I tried this just now on the A-1 and successfully trigger the Streaklight 360! This is so great!  I use this flash almost exclusively and it is good to know I'll be able to take this outside to try some film portraiture.

I do have a light meter, Sekonic, and may have to learn a little math to get the exposure right as film and processing is expensive compared to digital. Digital has me spoiled with being able to see instantly what I did and being able to make adjustments right away.
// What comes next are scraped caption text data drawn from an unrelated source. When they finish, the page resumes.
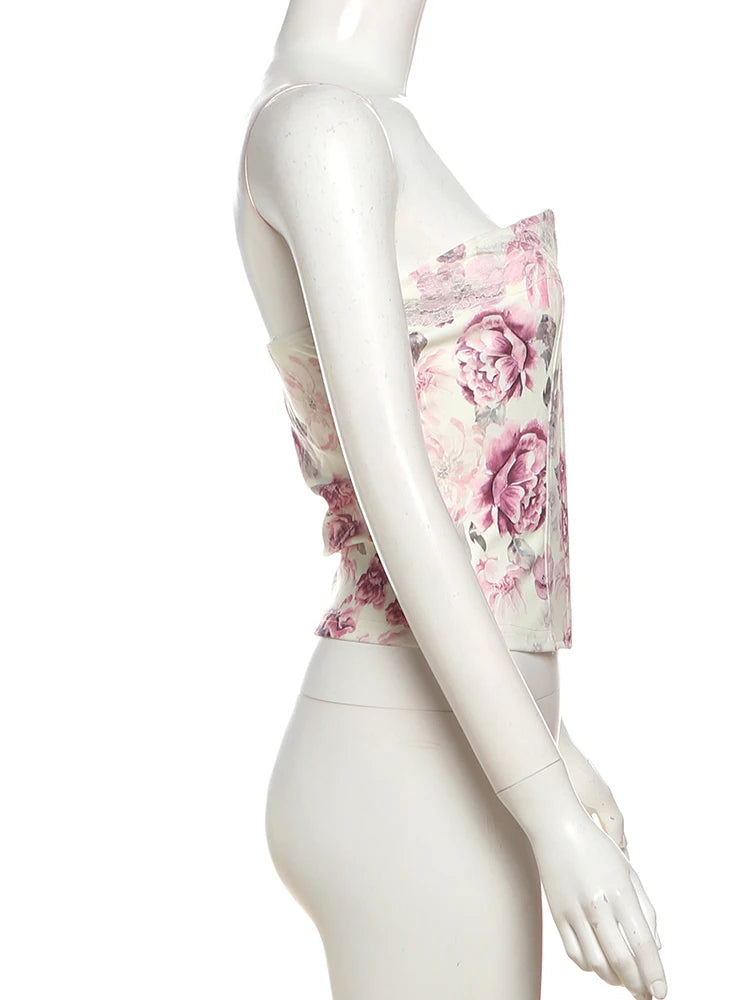 Aiertu  -  Sweet 2Piece Set Women Flower Print Single-Breasted Metal Buckle Wrap Mini Top+Patchwork Lace Folds Skirt Matching Suits Aiertu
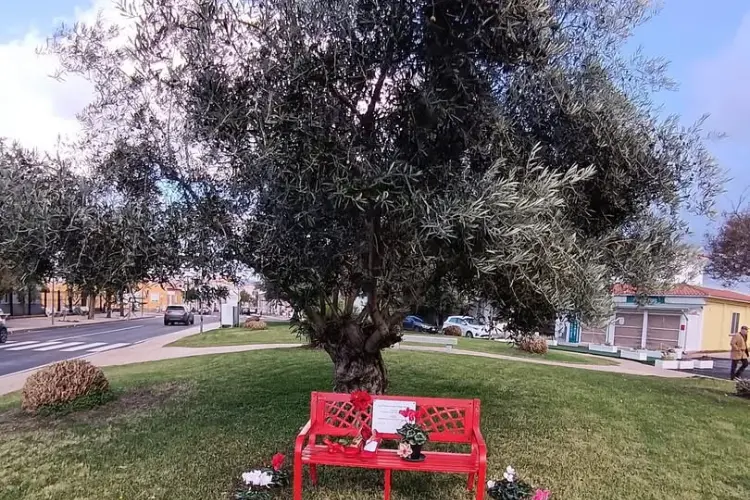 La panchina rossa a Valledoria ( foto concessa)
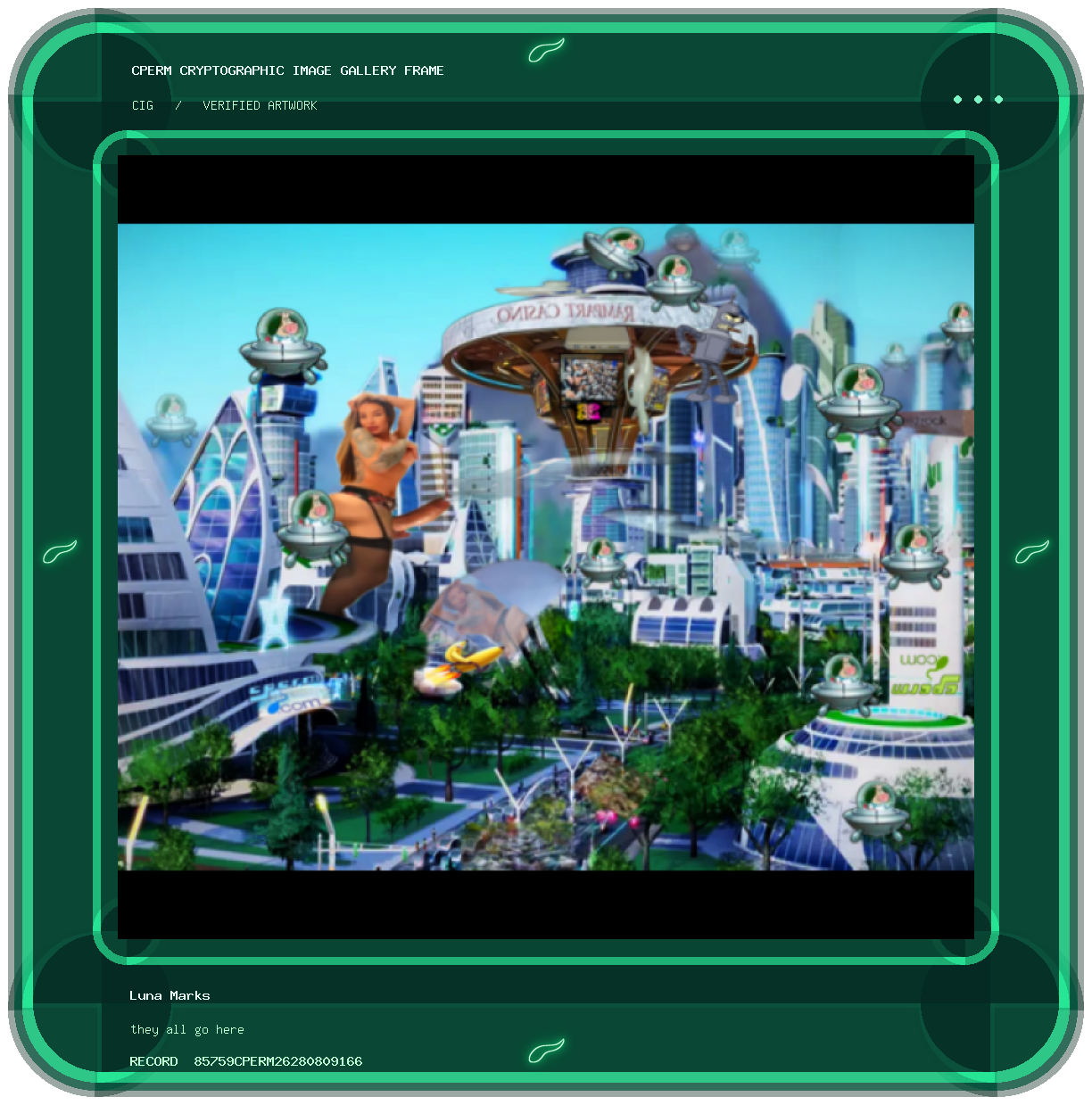 Luna Marks — they all go here framed cryptographic artwork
Thank both of you very much for your replies. Saved me some money.


----------



## Sporgon (Jun 25, 2017)

CanonFanBoy said:


> Valvebounce said:
> 
> 
> > Hi CanonFanBoy.
> ...



Use your digital camera to get the exposure and balance right !


----------



## Ozarker (Jun 25, 2017)

Sporgon said:


> CanonFanBoy said:
> 
> 
> > Valvebounce said:
> ...



True. I could do that. Thanks!  That would be better because it would take into account the flash modifiers.


----------



## zim (Jun 25, 2017)

Sporgon said:


> CanonFanBoy said:
> 
> 
> > Valvebounce said:
> ...



Fixed that for ya ;D

Was going to offer the OP my good old trusty manual sunpak hammerhead flash, too late. 8)


----------



## Ozarker (Jun 25, 2017)

zim said:


> Sporgon said:
> 
> 
> > CanonFanBoy said:
> ...



Hahaha! Truthfully, I went to Wal-Mart yesterday to get a Sunpak flash because they used to carry them. Our store doesn't anymore. Glad they didn't because now I know I can use the big flash. All my stuff is outdoors, so the bigger flash is better for me, but thank you Zim.


----------



## Valvebounce (Jun 25, 2017)

Hi Sporgon. 
I was thinking this as I read through the responses so I guess we are both on the right track. I do recall reading somewhere (here maybe) that film ISO values don't directly correlate to digital ISO values so might that be a stumbling block to our theory? 

Cheers, Graham. 



Sporgon said:


> Use your digital camera to get the exposure and balance right !


----------



## Ozarker (Jun 25, 2017)

Valvebounce said:


> Hi Sporgon.
> I was thinking this as I read through the responses so I guess we are both on the right track. I do recall reading somewhere (here maybe) that film ISO values don't directly correlate to digital ISO values so might that be a stumbling block to our theory?
> 
> Cheers, Graham.
> ...


I'm guessing a person needs to keep a log of the exposures (Film type, ISO/ASA, shutter speed, flash power, modifiers used etc) until one knows how the individual camera/flash combination behave and under what conditions. I say this because a person doesn't know exactly what he's got until the film is developed and would never be able to remember how he got to the photo he captured without doing some logging. It just looks as though one must work a whole lot harder with film. I see a lot of bracketing in my future.  This is where it gets expensive. Keeper rates? I guess a person could bracket enough shots to get maybe two good portraits out of a roll of film until the knowledge and skill level rises.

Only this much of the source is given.